Professional ratings
Review scores
| Source | Rating |
| AllMusic | Star Half star |
| IGN | 9.3/10 |
| Melodic | Star Half star |
| Ultimate Guitar | 10/10 |

==Legacy==
Trapt has performed the album in its entirety live across three anniversary tours; the first time in 2014 for its tenth anniversary, the second time for its 20th anniversary in 2022 and 2023, and they are currently embarking a 25th anniversary tour for the album titled "The Then Til Now Tour," which began in late 2026; the tour also marks the 25th anniversary of the band signing a record deal.

Several tracks from Trapt were re-recorded for the 2011 compilation album, Headstrong. "Stories" was re-recorded electrically for Trapt's eighth studio album, The Fall (2024).

==Track listing==

- Starting at 4:08 when "New Beginning" ends is an additional five minutes of ambient music. Constant bass and guitar notes are repeated and after about two minutes, light sounds of static and breathing can be heard.
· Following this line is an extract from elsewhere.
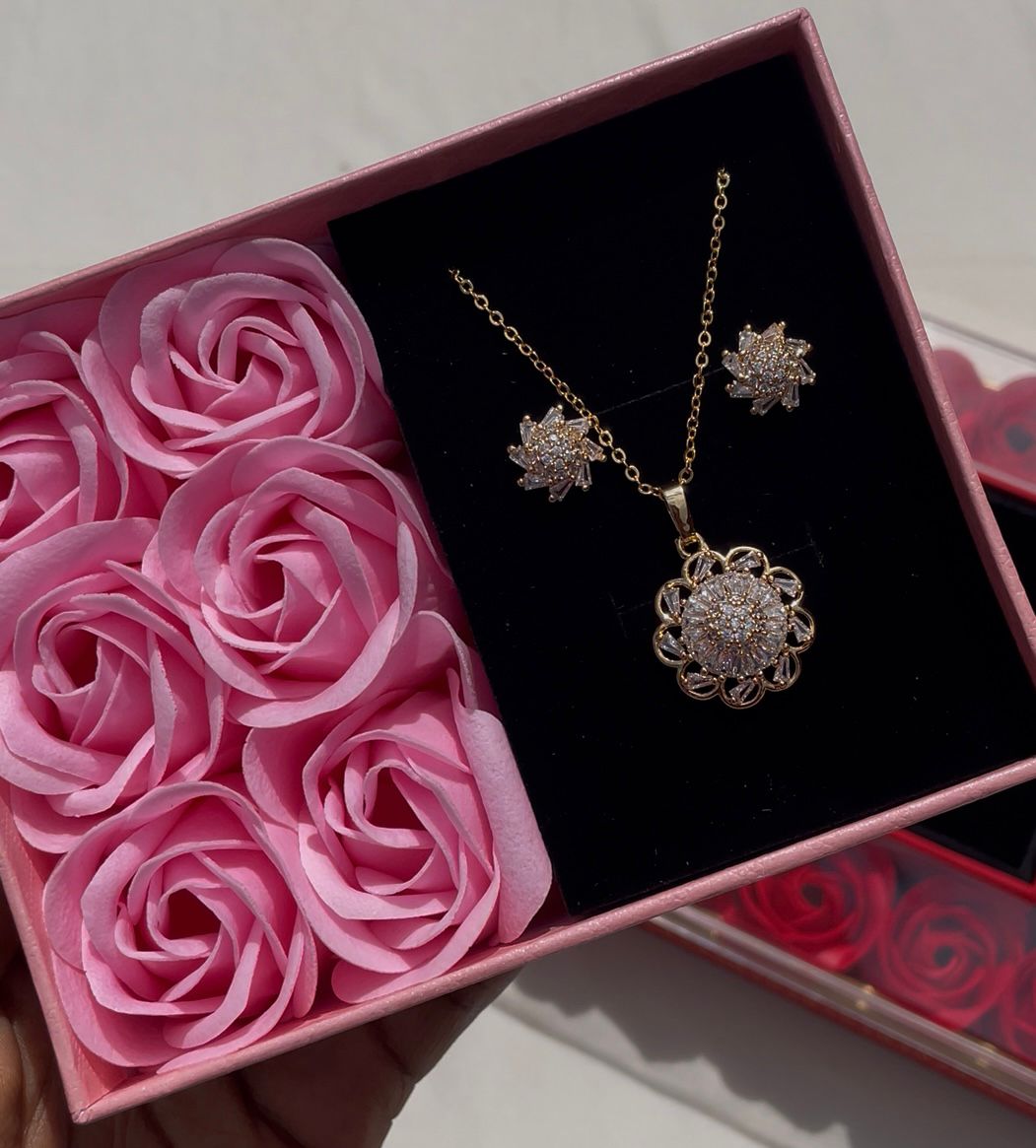 LADIES JEWELRY SET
Lines of spoken gibberish are then heard for the rest of the song.

| No. | Title | Length |
|---|---|---|
| 1. | "Headstrong" | 4:46 |
| 2. | "Made of Glass" | 3:30 |
| 3. | "Hollowman" | 5:03 |
| 4. | "These Walls" | 4:06 |
| 5. | "Still Frame" | 4:31 |
| 6. | "Echo" | 4:12 |
| 7. | "The Game" | 5:05 |
| 8. | "When All Is Said and Done" | 4:16 |
| 9. | "Enigma" | 4:42 |
| 10. | "Stories" | 3:56 |
| 11. | "New Beginning" | 9:13 |
| Total length: |  | 53:20 |

==Personnel==
Credits adapted from the album's liner notes.

===Trapt===
- Chris Taylor Brown – vocals, rhythm guitar
- Simon Ormandy – lead guitar
- Pete Charell – bass guitar
- Aaron "Monty" Montgomery – drums

===Technical personnel===
- GGGarth – producer
- Trapt – producers
- Dean Maher – engineering
- Amber Gislason – assistant engineering
- Anthony "FU" Valcic – programming and additional production
- Warren Riker – additional production and additional engineering (track 8)
- Ben Kaplan – digital editing, additional programming
- Darryl Romphf – production coordination
- Andy Wallace – mixing
- Steve Sisco – assistant mixing
- Robin Diaz – drums (uncredited)
- Ted Jensen – mastering (Sterling Sound)

===Imagery===
- Larry Sultan – cover photograph
- Chris Wray-McCann – band photography
- Ted "Lover" Livingston – back cover live photo
- Lawrence Azerrad – art direction and design

==Charts==

===Weekly charts===

Weekly chart performance for Trapt
| Chart (2003) | Peak position |
|---|---|
| UK Rock & Metal Albums (Official Charts) | 37 |
| US Billboard 200 | 42 |
| US Heatseekers Albums (Billboard) | 1 |

===Year-end charts===

2003 year-end chart performance for Trapt
| Chart (2003) | Position |
|---|---|
| US Billboard 200 | 80 |

2004 year-end chart performance for Trapt
| Chart (2004) | Position |
|---|---|
| US Billboard 200 | 113 |

==Certifications==

Certifications for Trapt
| Region | Certification | Certified units/sales |
| United States (RIAA) | Platinum | 1,000,000^{^} |
^{^} Shipments figures based on certification alone.

==In popular culture==
- "Headstrong" was included in numerous video games, such as the motocross game MX Unleashed, rhythm games Donkey Konga 2 and Guitar Hero: Warriors of Rock, and sports game NHL 2003.
- "Headstrong" was used as the theme song for the WWE pay-per-view Bad Blood in 2003.
- "These Walls" was included on the soundtrack for the 2003 film Grind.